This repository was inspired by FFJORD: Free-form Continuous Dynamics for Scalable Reversible Generative Models, especially by the figure from the very beginning of the paper:
I aimed to create additional visual examples to demonstrate how a neural ODE can transform probability distributions over time. Please note that this repository is focused on visualizing the neural ODE model rather than on evaluating its performance quantitatively. For a more detailed evaluation of the possible performance of models like this, please refer to the original FFJORD paper.
Using the notebook located in this repo, you can generate similar images. I decided to use the beta distribution to define a target distribution for the model to learn, as it's quite flexible. Using it, I specified 4 target distributions. Some of them are harder to learn, and some are easier. After training a neural ODE for each distribution, we can achieve a result like this one:
The neural model used in this repository is similar to the ones used in the FFJORD paper. The main difference is that this model only includes a single flow, unlike the multi-scale architecture used in the FFJORD paper. This simplification limits the expressiveness of the model, but adding positional encoding can compensate for the lack of multiple flows.

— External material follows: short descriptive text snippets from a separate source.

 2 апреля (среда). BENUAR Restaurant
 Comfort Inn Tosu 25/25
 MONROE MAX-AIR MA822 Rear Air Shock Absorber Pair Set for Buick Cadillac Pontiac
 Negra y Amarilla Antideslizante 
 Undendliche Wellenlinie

- Open the Jupyter notebook using Google Colaboratory
- Attach Google Drive (optional, needed only for a grid search of parameters)
- Enjoy the working notebook!
Details on the training process can be found in the Jupyter notebook. The architecture for the neural ODE model used is as follows:
- The input to the model is positionally encoded by combining it with sine and cosine functions of varying frequencies.

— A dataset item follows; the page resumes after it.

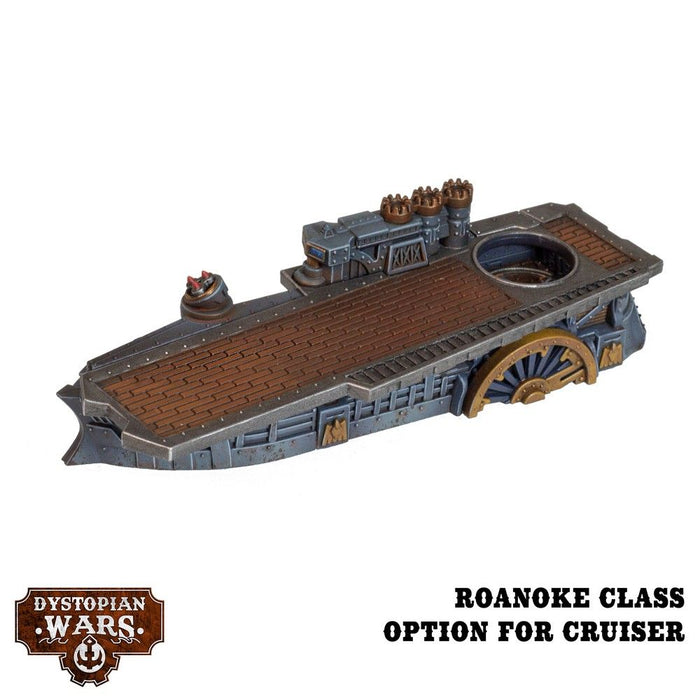 Warcradle DWA120004 Dystopian Wars: Union Support Squadrons (8857500942573)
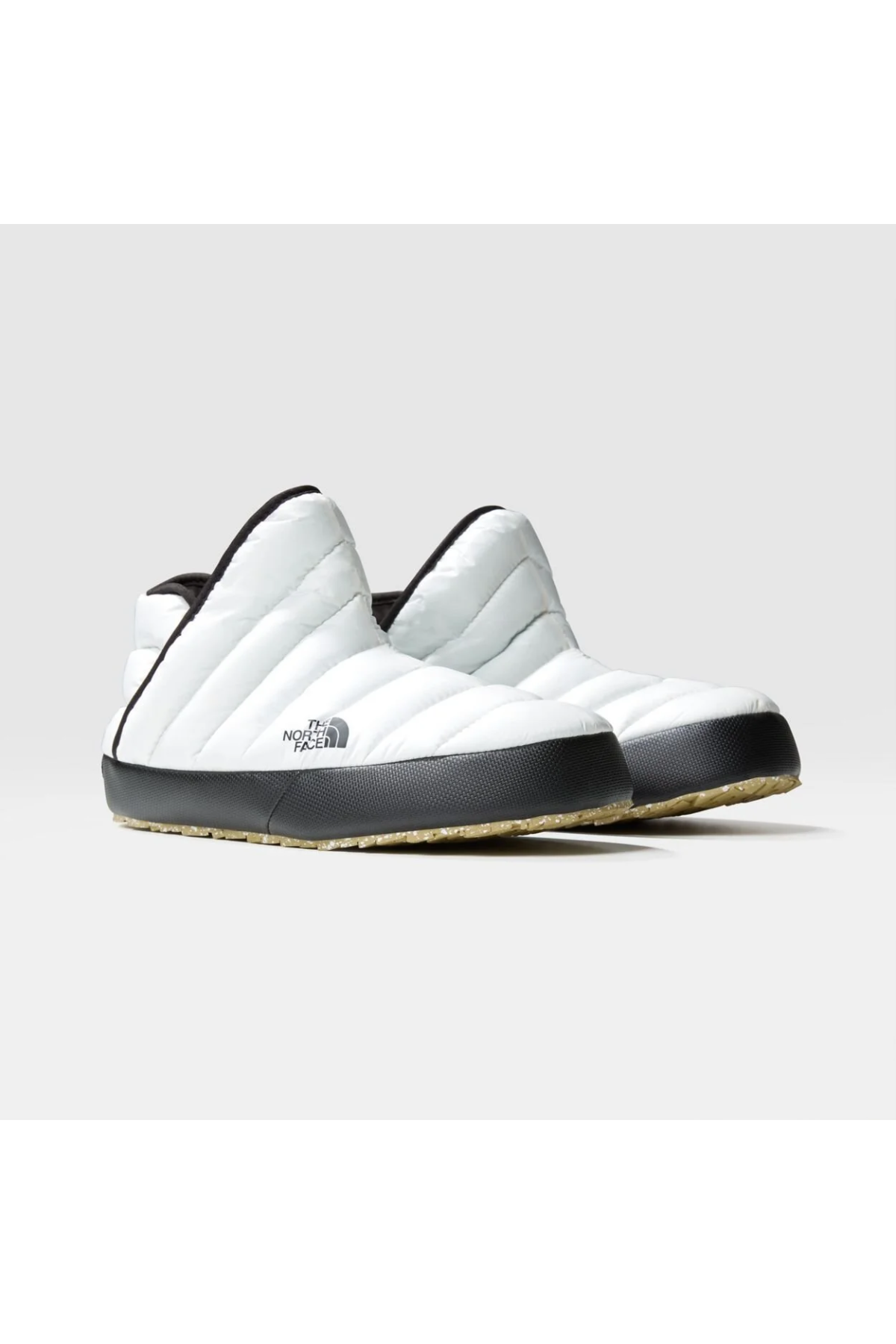W Thermoball Traction Bootie Kadin Beyaz Bot Nf0a331hq4c1 - Görsel 3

- The model is composed of 3 linear layers with 8 neurons each, followed by Tanh activation functions.
- The final layer used a linear activation.

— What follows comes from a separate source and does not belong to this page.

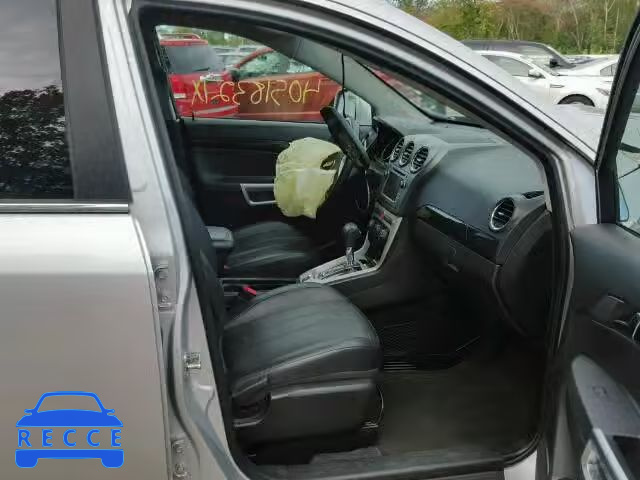 2015 CHEVROLET CAPTIVA 3GNAL3EK5FS531193 зображення 4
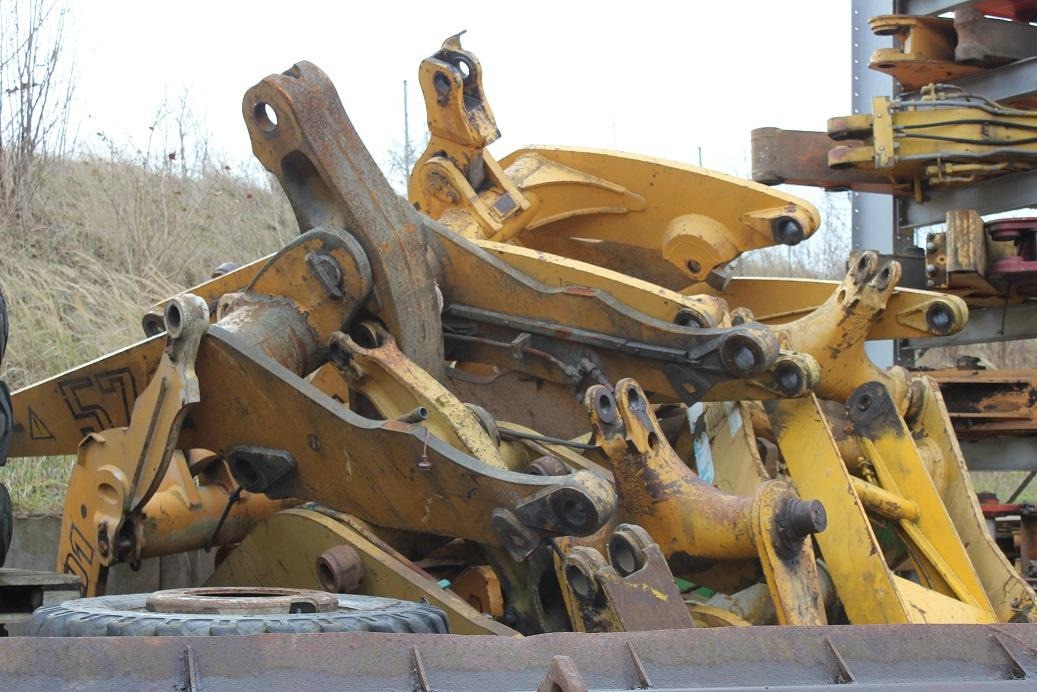 Liebherr L574,541,531 u a - Boom: picture 1 Liebherr L574,541,531 u a - Boom: picture 1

By default, a tolerance of 1e-4 was used in other experiments. Setting the tolerance
lower (1e-9) has no visible effect on result quality:
But it took 49 minutes (instead of 9) to train the model! This works also the other way
around, as we can decrease training time to 4 minutes by setting a high tolerance
(1e-1). But high tolerance can lead to significant numerical errors, as
visible in this visualisation:
By default, input to the network is encoded using 4 frequencies of sin and cos functions.
Without positional encoding the results are significantly worse:
On the upside, it took only ~2.5 minutes to train the model.
Replacing the default Tanh activation with ReLU negatively affects the result quality and training time (22 minutes).